Skip to contents

Generate synthetic data (multiple features)

Usage

generate_synthetic_data_p(
  n_subjects = 100,
  n_timepoints = 11,
  n_features = 2,
  feature_type = "binary",
  observation_variance = 1,
  random_effect_variance_ratio = 1,
  random_effect_ar1_correlation = 0.9,
  effect_size = 1,
  effect_groupsparsity = 0.5,
  effect_sparsity = 0.5,
  prop_observed = 0.7,
  missingness = "uniform",
  seed = 1
)

Arguments

n_subjects

Number of subjects (default 100).

n_timepoints

Number of time points at which the data is sampled spread regularly on the \([0,1]\) interval (default 11).

n_features

Number of features in addition to the intercept (default 2).

feature_type

Type of feature (implemented: "binary" (default), "uniform", "normal").

observation_variance

Variance of the observation error (default 1).

random_effect_variance_ratio

Ratio of the variance of the random effect to the variance of the observation error (default 1).

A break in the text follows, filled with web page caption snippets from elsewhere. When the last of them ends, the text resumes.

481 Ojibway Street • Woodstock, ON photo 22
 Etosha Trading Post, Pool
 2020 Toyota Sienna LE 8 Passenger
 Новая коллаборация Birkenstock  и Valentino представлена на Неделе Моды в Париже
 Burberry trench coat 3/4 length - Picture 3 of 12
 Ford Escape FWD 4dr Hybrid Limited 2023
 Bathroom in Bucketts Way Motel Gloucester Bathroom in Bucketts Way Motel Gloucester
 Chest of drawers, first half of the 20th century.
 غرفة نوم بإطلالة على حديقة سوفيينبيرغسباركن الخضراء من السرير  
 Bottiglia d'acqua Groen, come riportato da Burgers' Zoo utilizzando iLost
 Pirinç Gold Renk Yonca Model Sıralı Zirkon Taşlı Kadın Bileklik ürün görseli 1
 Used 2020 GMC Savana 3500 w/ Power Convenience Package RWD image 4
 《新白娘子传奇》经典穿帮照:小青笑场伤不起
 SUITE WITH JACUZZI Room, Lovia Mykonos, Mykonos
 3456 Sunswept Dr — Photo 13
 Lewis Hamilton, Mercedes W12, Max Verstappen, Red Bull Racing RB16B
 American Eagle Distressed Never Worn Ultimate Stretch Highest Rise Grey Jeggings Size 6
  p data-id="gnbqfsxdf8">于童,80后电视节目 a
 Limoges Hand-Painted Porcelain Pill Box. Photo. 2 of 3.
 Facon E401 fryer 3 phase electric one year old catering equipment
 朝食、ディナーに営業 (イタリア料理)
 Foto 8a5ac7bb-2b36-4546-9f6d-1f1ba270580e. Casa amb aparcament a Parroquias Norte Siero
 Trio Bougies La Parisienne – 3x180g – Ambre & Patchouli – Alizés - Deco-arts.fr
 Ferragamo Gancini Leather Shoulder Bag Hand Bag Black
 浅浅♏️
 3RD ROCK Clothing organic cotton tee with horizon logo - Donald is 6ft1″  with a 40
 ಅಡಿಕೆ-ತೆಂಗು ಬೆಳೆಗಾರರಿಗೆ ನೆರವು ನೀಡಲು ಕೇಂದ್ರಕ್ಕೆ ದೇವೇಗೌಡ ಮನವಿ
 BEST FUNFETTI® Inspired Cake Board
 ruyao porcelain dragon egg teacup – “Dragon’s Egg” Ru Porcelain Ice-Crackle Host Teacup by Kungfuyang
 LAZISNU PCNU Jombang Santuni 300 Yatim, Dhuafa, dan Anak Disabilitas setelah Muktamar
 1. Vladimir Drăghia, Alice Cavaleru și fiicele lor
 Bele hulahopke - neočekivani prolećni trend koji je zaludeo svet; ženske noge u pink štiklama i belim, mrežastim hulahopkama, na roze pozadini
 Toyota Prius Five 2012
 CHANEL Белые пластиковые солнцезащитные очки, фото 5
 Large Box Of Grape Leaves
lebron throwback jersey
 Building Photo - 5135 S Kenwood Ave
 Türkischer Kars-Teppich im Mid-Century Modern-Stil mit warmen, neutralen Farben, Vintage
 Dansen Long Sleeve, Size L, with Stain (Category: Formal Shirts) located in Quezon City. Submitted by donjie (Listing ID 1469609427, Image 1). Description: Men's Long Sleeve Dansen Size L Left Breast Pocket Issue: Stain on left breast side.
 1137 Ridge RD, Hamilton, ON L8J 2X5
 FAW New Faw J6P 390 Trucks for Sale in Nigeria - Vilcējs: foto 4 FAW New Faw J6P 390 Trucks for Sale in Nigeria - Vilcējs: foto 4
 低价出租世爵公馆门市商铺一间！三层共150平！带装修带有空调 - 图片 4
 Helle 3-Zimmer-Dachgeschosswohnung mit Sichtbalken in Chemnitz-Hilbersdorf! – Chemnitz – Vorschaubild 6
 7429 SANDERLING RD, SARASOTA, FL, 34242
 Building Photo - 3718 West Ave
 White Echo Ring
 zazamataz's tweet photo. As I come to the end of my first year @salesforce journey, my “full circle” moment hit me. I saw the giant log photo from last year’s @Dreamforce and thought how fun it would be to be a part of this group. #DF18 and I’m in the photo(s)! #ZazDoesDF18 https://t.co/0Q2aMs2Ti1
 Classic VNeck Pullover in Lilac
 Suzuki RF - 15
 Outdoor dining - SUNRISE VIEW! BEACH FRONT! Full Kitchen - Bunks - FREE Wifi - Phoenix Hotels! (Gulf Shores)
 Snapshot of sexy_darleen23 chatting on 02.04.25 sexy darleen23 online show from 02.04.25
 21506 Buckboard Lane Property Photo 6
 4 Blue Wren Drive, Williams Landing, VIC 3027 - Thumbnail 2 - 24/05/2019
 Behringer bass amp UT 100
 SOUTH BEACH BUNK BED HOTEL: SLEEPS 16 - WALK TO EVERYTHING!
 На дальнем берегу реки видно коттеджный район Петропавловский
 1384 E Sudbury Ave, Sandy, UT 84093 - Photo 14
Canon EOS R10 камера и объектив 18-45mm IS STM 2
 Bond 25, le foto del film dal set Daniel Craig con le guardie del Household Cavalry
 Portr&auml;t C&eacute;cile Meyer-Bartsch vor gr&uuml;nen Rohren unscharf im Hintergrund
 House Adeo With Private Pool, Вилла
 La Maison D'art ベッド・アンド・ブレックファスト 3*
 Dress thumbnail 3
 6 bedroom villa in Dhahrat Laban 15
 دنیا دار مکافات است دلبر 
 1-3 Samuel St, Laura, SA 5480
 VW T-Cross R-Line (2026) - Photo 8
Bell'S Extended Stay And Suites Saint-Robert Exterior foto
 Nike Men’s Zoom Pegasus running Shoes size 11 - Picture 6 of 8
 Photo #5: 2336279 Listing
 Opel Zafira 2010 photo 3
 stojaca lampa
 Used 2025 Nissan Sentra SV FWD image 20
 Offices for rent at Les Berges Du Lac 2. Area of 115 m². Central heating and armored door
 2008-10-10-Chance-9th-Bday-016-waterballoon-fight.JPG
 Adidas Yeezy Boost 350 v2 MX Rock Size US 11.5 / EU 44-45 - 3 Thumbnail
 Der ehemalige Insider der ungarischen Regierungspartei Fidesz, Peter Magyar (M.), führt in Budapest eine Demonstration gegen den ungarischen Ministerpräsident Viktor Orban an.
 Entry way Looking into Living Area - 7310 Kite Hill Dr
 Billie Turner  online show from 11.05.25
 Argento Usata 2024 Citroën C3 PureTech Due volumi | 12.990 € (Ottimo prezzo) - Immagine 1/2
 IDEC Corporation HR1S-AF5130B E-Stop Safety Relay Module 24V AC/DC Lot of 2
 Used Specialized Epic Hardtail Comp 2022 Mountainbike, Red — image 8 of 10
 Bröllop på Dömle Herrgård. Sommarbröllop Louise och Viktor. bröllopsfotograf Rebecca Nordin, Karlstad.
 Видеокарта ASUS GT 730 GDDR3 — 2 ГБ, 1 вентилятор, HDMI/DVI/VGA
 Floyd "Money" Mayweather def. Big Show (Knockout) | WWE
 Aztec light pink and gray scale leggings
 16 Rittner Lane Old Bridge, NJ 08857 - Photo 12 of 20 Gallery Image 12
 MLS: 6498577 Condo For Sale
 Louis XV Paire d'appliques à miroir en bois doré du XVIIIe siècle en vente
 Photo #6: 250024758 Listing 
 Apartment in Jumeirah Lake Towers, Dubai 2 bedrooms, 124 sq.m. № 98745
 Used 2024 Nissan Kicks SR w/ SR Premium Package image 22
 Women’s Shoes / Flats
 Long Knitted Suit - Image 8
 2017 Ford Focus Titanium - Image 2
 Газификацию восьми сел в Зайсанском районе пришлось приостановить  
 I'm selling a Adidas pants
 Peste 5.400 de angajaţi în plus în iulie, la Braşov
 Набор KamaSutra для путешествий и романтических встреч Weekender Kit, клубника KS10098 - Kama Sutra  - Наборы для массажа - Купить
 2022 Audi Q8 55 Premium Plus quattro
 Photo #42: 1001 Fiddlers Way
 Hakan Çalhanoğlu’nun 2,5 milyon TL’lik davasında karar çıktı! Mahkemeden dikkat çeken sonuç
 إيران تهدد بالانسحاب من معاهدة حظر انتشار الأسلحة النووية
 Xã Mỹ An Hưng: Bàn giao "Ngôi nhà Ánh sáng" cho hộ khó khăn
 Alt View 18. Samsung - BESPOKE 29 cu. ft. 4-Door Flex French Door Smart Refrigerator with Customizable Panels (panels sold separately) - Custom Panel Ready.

random_effect_ar1_correlation

Correlation between two random effects at two consecutive timepoints (default 0.9).

effect_size

Effect size of the features (default 1).

effect_groupsparsity

Proportion of features that have no effect (default 0.5).

effect_sparsity

Proportion of the domain that has null effect (default 0.5).

prop_observed

Proportion of observed time points (default 0.7).

missingness

Missing observation mechanism (implemented: "uniform" (default), "contiguous", "sqrt", "fixed_uniform")

seed

Seed for the random number generator (default 1).

Value

A list containing the following elements:

data

A data frame containing the longitudinal data in long format.

data_wide

A data frame containing the longitudinal data in wide format.

data_wide_imputed

A data frame containing the longitudinal data in wide format with imputed missing values.

true_values

A data frame containing the true values of the fixed effects.

times

A vector of timepoints at which the data is sampled.

colnames

A list containing the column names of the data frames.

Details

The data is generated according to the following model: $$y_{ij} = \beta_0(t_{ij}) + \sum_{k=1}^{p} \beta_k(t_{ij}) x_{ik} + \theta_{ij} + \epsilon_{ij}$$ where \(y_{ij}\) is the \(j\)th response of subject \(i\), at time \((t_{ij})\), \(x_{ik}\) is the \(k\)th feature of subject \(i\), \(\theta_{ij}\) is the random effect of subject \(i\) at time \(j\), \(\epsilon_{ij}\) is the observation error of subject \(i\) at time \(j\), \(\beta_0(\cdot)\) is the intercept function, and \(\beta_1(\cdot)\) is the effect size. The random effects are generated according to a multivariate normal distribution with mean 0 and covariance matrix \(\Sigma\) such that \(\Sigma_{ij} = r\sigma^2\rho^{|i-j|}\) (\(\rho\) defined by random_effect_ar1_correlation and \(r\) by random_effect_variance_ratio). The observation errors are generated according to a multivariate normal distribution with mean 0 and covariance matrix \(\sigma^2 I\) (\(\sigma^2\) defined by observation_variance). The random effects and observation errors are independent. The observations are then sampled uniformly at a proportion prop_observed of the timepoints. An imputed version of the data is also provided where the missing values are imputed using the function [refund::fpca.sc]. The data is returned in three formats:

data

A data frame containing the longitudinal data in long format.

data_wide

A data frame containing the longitudinal data in wide format.

data_wide_imputed

A data frame containing the longitudinal data in wide format with imputed missing values.

Examples

instance = generate_synthetic_data_p()
#> New names:
#>  `` -> `...1`
#>  `X1` -> `X1...2`
#>  `X2` -> `X2...3`
#>  `X1` -> `X1...4`
#>  `X2` -> `X2...5`
#> New names:
#>  `X1` -> `X1...2`
#>  `X2` -> `X2...3`
#>  `X1` -> `X1...4`
#>  `X2` -> `X2...5`